[DATA BLOCK]

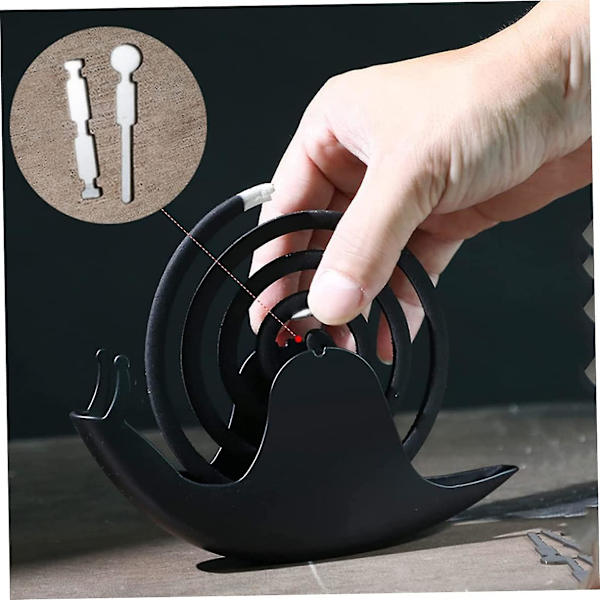 Myggspiralboks Sneglen Brannsikker Myggspiralboks 2 stk Myggspiralbrett Askebrett Bærbar Myggspiralapparat Myggspiralholder
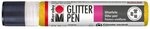 Marabu 18030009519 - Glitter Liner gelb, Glitzer - Effektfarbe auf Wasserbasis...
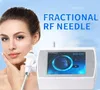 Articles de beauté aiguilletage système de cartouche RF élimination des rides sous vide Portable Microneedling fractionnaire Machine d'élimination des vergetures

[WHAT IS NEEDED]
Write the data above out exactly. Leave out any pictures.

[WRITTEN RESPONSE]
 Myggspiralboks Sneglen Brannsikker Myggspiralboks 2 stk Myggspiralbrett Askebrett Bærbar Myggspiralapparat Myggspiralholder
 Marabu 18030009519 - Glitter Liner gelb, Glitzer - Effektfarbe auf Wasserbasis...
 Articles de beauté aiguilletage système de cartouche RF élimination des rides sous vide Portable Microneedling fractionnaire Machine d'élimination des vergetures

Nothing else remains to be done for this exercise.